First the region would be a mixture of Eastern Orthodox, Catholic, and Oriental Orthodox like the Egyptian Copts and the Assyrian Church of the East. Oriental Orthodox probably would have kept the momentum they had before Islam and would have legitimate shots at converting much of India and China. The mindset of Oriental Orthodox would indeed be counter to the West in that they would negatively see both Roman and Constantinople as those who opposed them during the early days of Christianity. Religion would be even more political with joining the Eastern Orthodox or keeping communion with Rome being even more political than it is today.
Secondly, the Eastern Orthodox would not be so anti-West if Islam was had not arrived. The Eastern Orthodox Church actually reunited with Rome before the fall of Constantinople. After the Turks seized the city they had the new patriarch withdraw from the union. The Muslim Turks kept the Eastern Orthodox separate and rivals of the Western Church (A joke goes: “Q: If Catholics and Eastern Orthodox are so similar in dogma why do Protestants not claim the Patriarch is the anti-Christ? A: Because the anti-Christ has better things to do than listen to the Sultan for 500 years.”). Religious struggles would be present in a world without Islam but the playing field would be completely different.
Thirdly the essay states “what were the Crusades if not a Western adventure driven primarily by political, social, and economic needs? The banner of Christianity was little more than a potent symbol.” Byzantine Emperors Michael VII and Alexius I Comnenus, Pope Urban II, and the peasants of the People’s Crusade disagree. Urban II whole justification was the plea of the Byzantines’ who cited Muslims destroying Christian communities. Western Christians first started caring about the Muslim ruled Holy Land not when it economically suited them but when Fatimid caliph, al-Hakim bi-Amr Allah, ordered the Church of the Holy Sepulcher destroyed in 1009. The essay then brings up the Fourth Crusade as premanetly damaging Eastern Orthodox-Catholic relations. Without Islam there would not have been a Fourth Crusade.

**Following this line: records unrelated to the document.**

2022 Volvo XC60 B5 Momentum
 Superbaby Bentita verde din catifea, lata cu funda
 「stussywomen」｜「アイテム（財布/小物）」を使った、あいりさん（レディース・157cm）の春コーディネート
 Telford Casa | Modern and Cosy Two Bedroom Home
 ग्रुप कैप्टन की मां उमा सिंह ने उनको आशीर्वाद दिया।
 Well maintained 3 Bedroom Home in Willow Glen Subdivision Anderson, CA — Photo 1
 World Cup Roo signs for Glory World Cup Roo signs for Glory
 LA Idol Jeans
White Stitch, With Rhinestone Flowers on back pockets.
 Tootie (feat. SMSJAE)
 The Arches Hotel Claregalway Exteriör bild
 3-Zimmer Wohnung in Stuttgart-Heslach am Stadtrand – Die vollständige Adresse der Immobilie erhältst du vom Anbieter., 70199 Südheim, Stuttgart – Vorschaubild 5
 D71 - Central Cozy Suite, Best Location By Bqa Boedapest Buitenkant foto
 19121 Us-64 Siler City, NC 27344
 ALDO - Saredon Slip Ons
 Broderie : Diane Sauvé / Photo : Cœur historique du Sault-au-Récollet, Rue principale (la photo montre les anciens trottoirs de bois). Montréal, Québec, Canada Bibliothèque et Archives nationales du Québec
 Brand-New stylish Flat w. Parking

The political makeup of the Middle East would be different in a world without Islam. The Muslim goal was to rebuild the world according to their divine revelations. That included disposing with old political, economic, and cultural systems. Muslims were the only group to dispose of the Roman-base system once the Romans or their direct descendants lost control. The Roman-based systems and legal setups would probably be found in the Middle East today and maybe spread as Christianity did. This could mean either a greater respect for human rights but could also leave the door open for dictators who would abuse the power structure for their own benefit like Mussolini or Hitler.
(Side note: If Constantinople had not fallen Moscow could have never of claimed to be the Third Rome. This claim and prestiage help Moscow become a major power.)
The last flaw with the essay is that it assumes only Europe would rise in a world without Islam. The essay states that a Christian Middle East would oppose European colonialism just how all other regions of the world did. But this assumes that only Europe would make “the great leap” forward which spurred the Ages of Exploration, Conquest, and Imperialism. With all of Europe, the Middle East, North Africa, and perhaps more in the relatively same cultural sphere, the Renaissance and Age of Reason may have spread throughout the Middle East and elsewhere. The Muslim world we know would not be stuck in the slow decline it has been in for the last 500 years but instead it may have rapidly advanced just like Western Europe did. The Middle East and elsewhere may have shifted its glances in other directions like further south around Africa and maybe even the Americas. The great mercenary explorers of Italy may have guided Christian Indian fleets to Australia, Arab fleets around the Cape of Good Hope, and even African Vandal fleets to Brazil. Who knows. This is a double-edge sword. With so much competition and conflicting thoughts in the same realm, English individualism and Protestant freedom (both of which heavily influence America and the free world today) may not have been able to succeed.
Mr. Fuller is right when he writes the world would not be a peaceful utopia if Islam had not existed. There would still be religious violence and most residence of the current Muslim world would still be peaceful and friendly people like everyone else. The world would not be just like it was; however, it would be radically different. For either good or ill.